Ernst August Albert Paul Otto Rupprecht Oskar Berthold Friedrich-Ferdinand Christian-Ludwig, Prinz von Hannover, Herzog zu Braunschweig und Lüneburg, Königlicher Prinz von Großbritannien und Irland – so der amtliche Name (nicht Titel) in Deutschland – und seine Familie sind eng verbunden mit dem oberösterreichischen Salzkammergut: Als Preußen 1866 das Königreich Hannover annektierte, fanden die Welfen Exil im bis dahin verbündeten Österreich, wo man bei Gmunden das neogotische Schloss Cumberland als Residenz errichten ließ. Dieses gehört inzwischen der Republik Österreich, doch die „Königinvilla“ in der Bezirkshauptstadt sowie das Jagdschloss „Hubertihaus“ im Almtal stehen nebst beträchtlichem Forstbesitz immer noch im Familieneigentum. Auf letzteres hatte sich Ernst August Hannover – so muss er wohl im republikanischen Österreich korrekt heißen – zurückgezogen, zumal er gesundheitliche Probleme hat. Allerdings war es bereits in den vergangenen Wochen zu zwei Polizeieinsätzen gekommen, in deren Verlauf er die Beamten mit einem Messerschleifer sowie einem Baseballschläger angegriffen haben soll, weswegen er vorübergehend in die psychiatrische Abteilung des Krankenhauses Vöcklabruck eingewiesen worden war. Nun, am 7. September 2020, erfolgte die Festnahme auf richterlichen Beschluss, nachdem er seine Bediensteten bedroht haben und mit einem Verkehrsschild bewaffnet vandalistisch aktiv geworden sein soll. Die Staatsanwaltschaft Wels ermittelt gegen Herrn Hannover wegen Nötigung, gefährlicher Drohung und Sachbeschädigung.

Problemprinz braucht Hilfe

Die ganze Angelegenheit ist natürlich ein gefundenes Fressen für die deutsche Boulevardpresse, mit der der Welfenprinz ohnedies schon lange im Clinch liegt (er analysierte die „Bild“ einmal wenig graziös, aber vertretbar als „Scheißzeitung“, bei der „Arschlöcher“ arbeiten).
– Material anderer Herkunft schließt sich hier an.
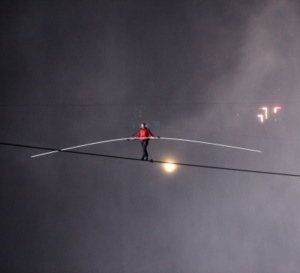 Nik Wallenda : un incroyable funambule ambassadeur de la marque JeanRichard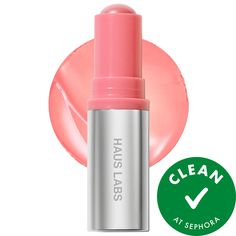 A serum-based, high-pigment blush with more than 70% skincare and proprietary complexes that hydrate and make skin look plumper, all in a long-wearing, glassy balm.Highlighted Ingredients: - Fermented Arnica: Visibly reduces redness and irritation.- Goji Berry Complex: Boosts radiance and makes skin look plumper.- Fermented Shiunko: Promotes collagen synthesis and antioxidant protection.Ingredient Callouts: This product is vegan, gluten-free, and cruelty-free.What Else You Need to Know: Born as a skincare serum stick, this blush delivers high-perform Serum Stick, Cheek Blush, Blush Stick, Skin Care Serum, Goji Berries, Lady Gaga, Sephora, The Balm, Serum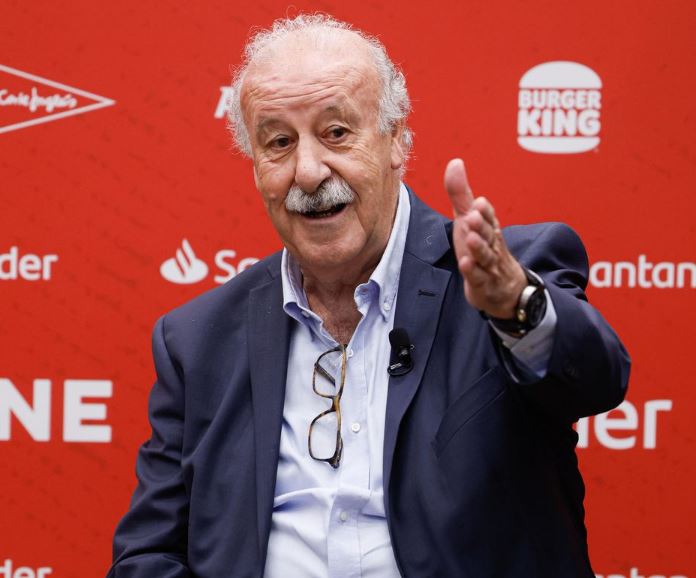 Vicente del Bosque tem um currículo extenso de títulos como técnico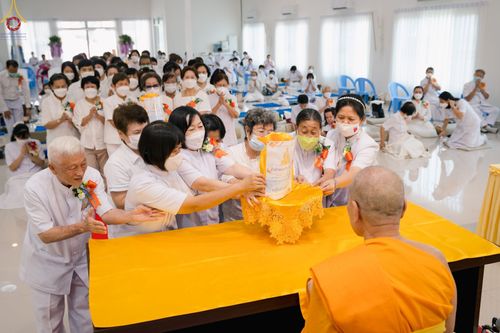 ภาพ No.76707:พิธีทอดผ้าป่าชิตังเม อาคารหยุดเป็นตัวสำเร็จ วันอาทิตย์ที่ ๒๖ กุมภาพันธ์ พ.ศ. ๒๕๖๖ ณ ศูนย์ปฏิบัติธรรมพระมงคลเทพมุนี( สด จนฺทสโร ) อ.สองพี่น้อง จ.สุพรรณบุรี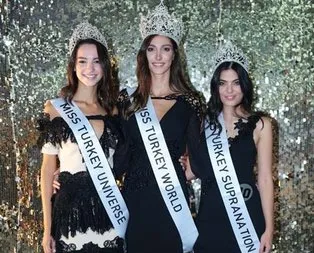 19 yaşında Miss Turkey 2018 birincisi oldu!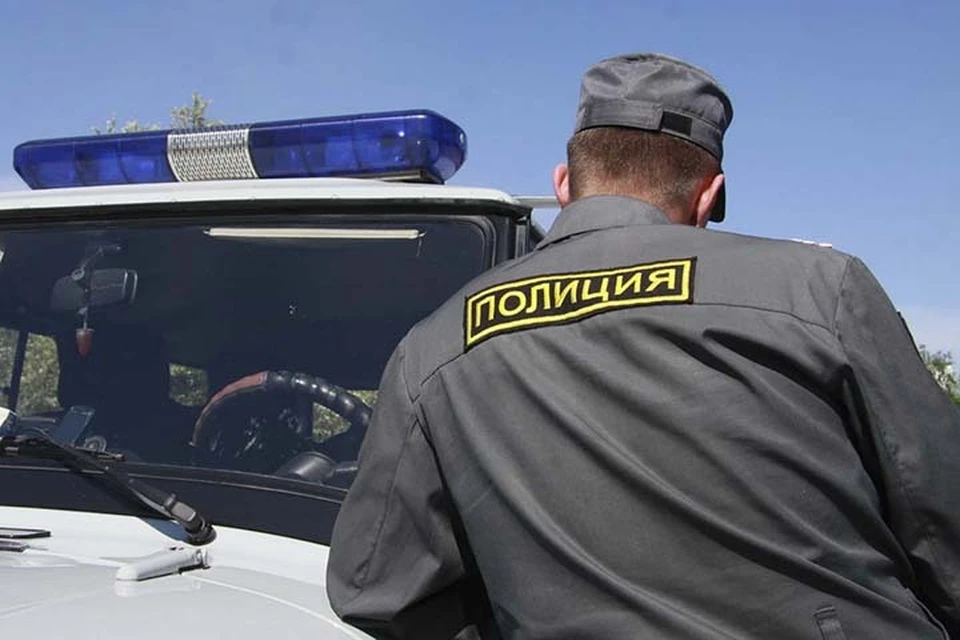 В преступлении разбирается полиция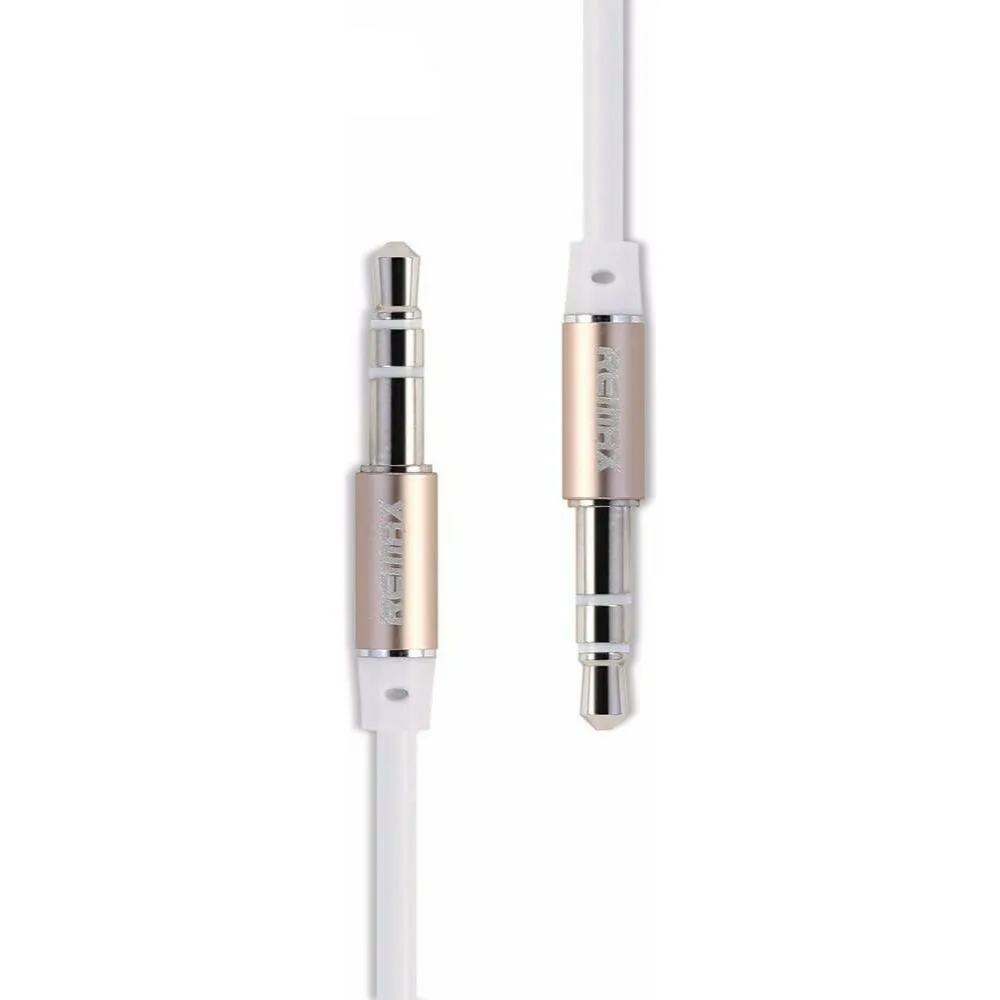 Remax Rl-L200 Καλώδιο Ήχου High End 3.5Mm Jack Male - Male 2M Λευκό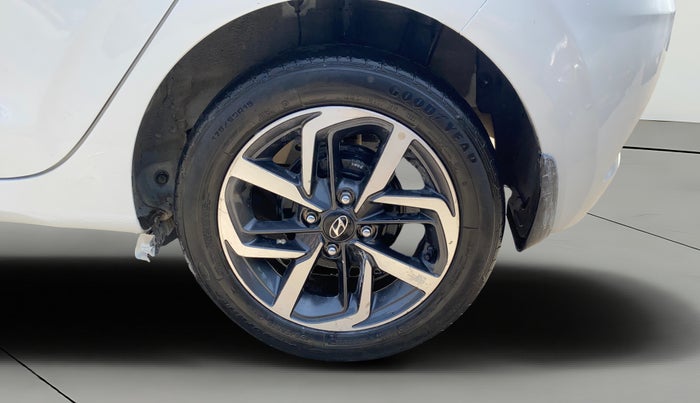 2021 Hyundai GRAND I10 NIOS ASTA AMT 1.2 KAPPA VTVT, Petrol, Automatic, 50,766 km, Left Rear Wheel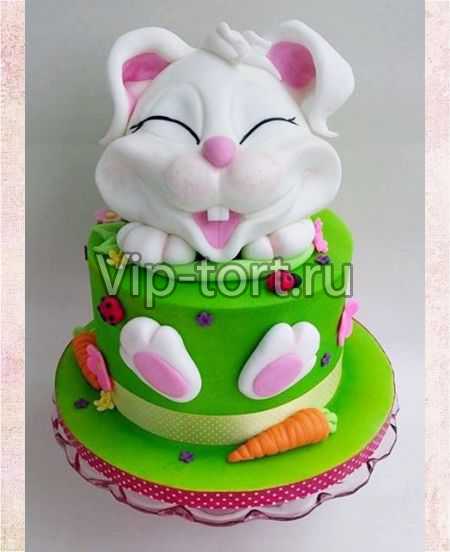 Торт "Веселый кролик"
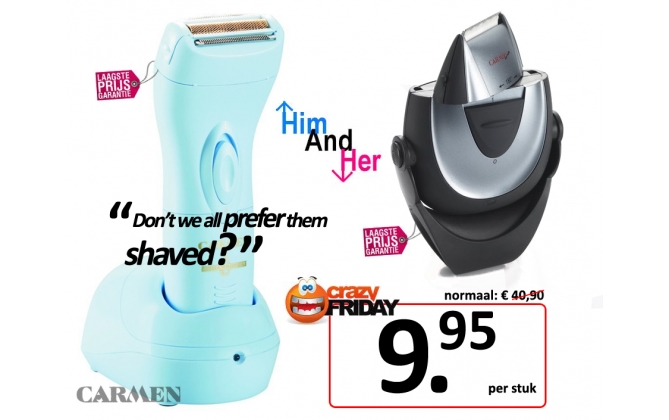 Click to Buy - Carmen Tondeuse for Him and Her Click to Buy - Carmen Tondeuse for Him and Her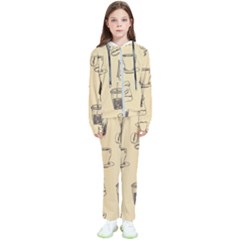 Coffee-56 Kids  Tracksuit by nateshop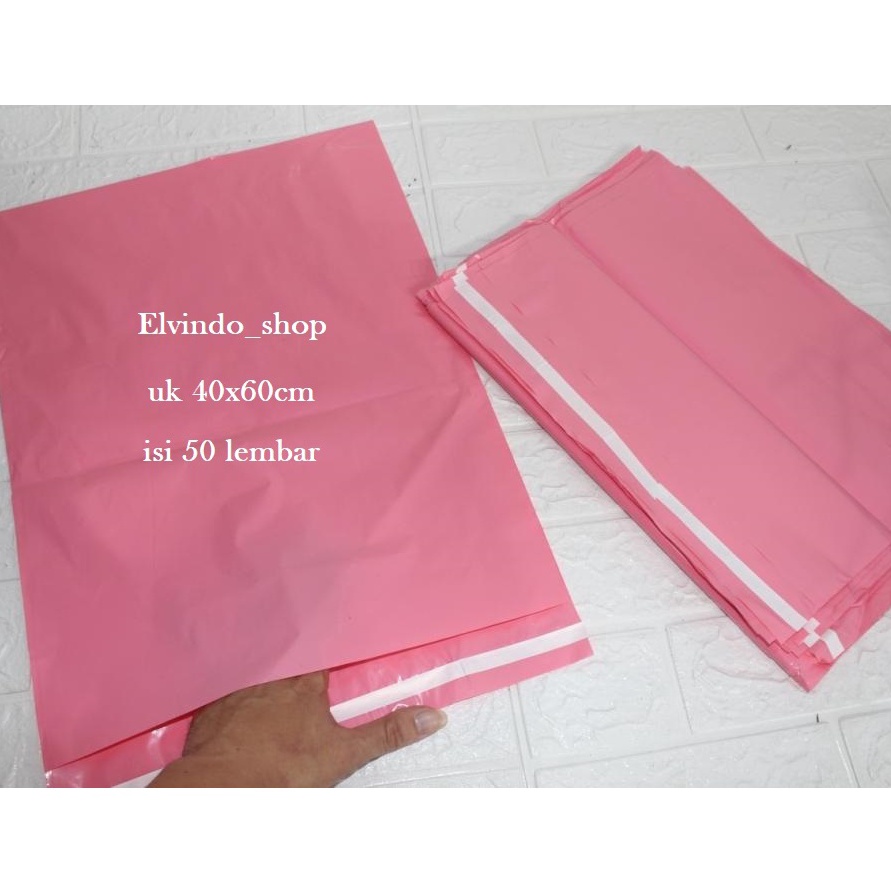 

Limit PLASTIK POLYMAILER JUMBO PEREKAT LEM 4X6CM ISI 5LEMBAR PLASTIK SERBAGUNA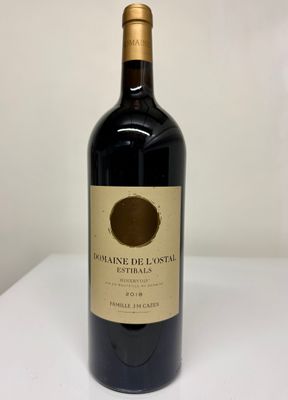 1 magnum - Domaine de l’Ostal, Famille Cazes, Minervois, 201…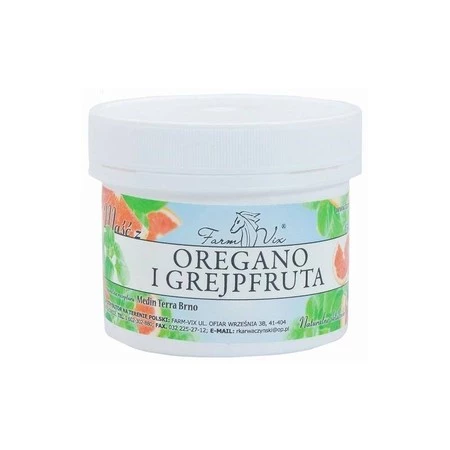 Farm-vix Maść z Oregano i grejpfruta 150ml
Unterm Strich liegt doch einige Tragik im Niedergang des einst stolzen Hauses, den der, gelinde gesagt rüpelige, Ernst August offenbar zu Ende bringen will. Es scheint einfach so, als wäre der Prinz ohne Herrschaft ein wenig überfordert mit seiner Rolle in Demokratie, Republik und Promi-Society – mit dem NS-Faschismus war es einfacher, wie sein Vater als Arisierer und Zwangsarbeitsprofiteur bewies, mit der Monarchie sowieso. Hinzu kommt womöglich auch noch die Tatsache, dass der europäische „Hochadel“ mit seiner inzestuösen Vergangenheit nicht all seinen Angehörigen unbedingt den vielversprechendsten Genpool zuweist. Die „adelige Abstammung“, die der Aristokratie über Jahrtausende die gottgewollte Herrschaft über das gemeine Volk legitimieren sollte (und mancherorts immer noch soll), erwies sich als kontraproduktiv. So degeneriert wie eine ganze Reihe von Monarchen und leider-nicht-mehr-Monarchen erschienen und erscheinen, könnte der Pöbel niemals sein – auch eine Art von „natürlicher Auslese“. Was nun den bedauernswerten Herrn Ernst August Hannover – übrigens auch ein Urenkel des letzten deutschen Kaisers Wilhelm II. – betrifft, so ist einerseits wichtig, die Menschen vor seinen Über- und Angriffen zu schützen. Andererseits wollen wir aber auch untertänigst hoffen, dass er nun endlich die professionelle Hilfe bekommt, die er dringend benötigt. Denn die demokratische Republik hat sich um alle Bürger zu kümmern, ungeachtet ihres Standes und Stammbaumes. Wir sind ja nicht so.